- "Famous" cover

Song by Tinchy Stryder

from the album Third Strike
- Released: 8 November 2010
- Recorded: 2009–2010
- Genre: Rap rock
- Length: 4:01
- Label: Takeover Entertainment Limited
- Composer(s): Kwasi Danquah III
- Lyricist(s): Israel Cruz
- Producer(s): Israel Cruz

Tinchy Stryder singles chronology
| "Game Over" (2010) | "Let It Rain" (2011) | "Spaceship" (2011) |

Music video
- "Famous" on YouTube

= Famous (Tinchy Stryder song) =

"Famous" is a song by Tinchy Stryder, released as a promotional single from his third solo studio album, Third Strike.

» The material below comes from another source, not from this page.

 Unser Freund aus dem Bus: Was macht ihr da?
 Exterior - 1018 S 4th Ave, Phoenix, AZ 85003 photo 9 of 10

The song was also included on Stryder's fourth extended play, III EP. The song was written and produced by Australian producer Israel Cruz.

==Music video==
A music video was made for the song, and directed by Tinchy Stryder and music video director Luke Monaghan, who also was one of the three directors of the video for Stryder's 2011 hit single Spaceship, and was uploaded to Tinchy Stryder's official YouTube channel on Thursday, 11 November 2010, at a total length of four minutes and eight seconds. The video was filmed in a Jet Center, and finds Stryder chopping out his rhymes and boasting, over "harsh lurching beats and heavy riffs, about "how people are jealous of him because he's famous", a line which he bellows at every opportunity, whilst the film camera is closely fixed on his every movement throughout the length of the video.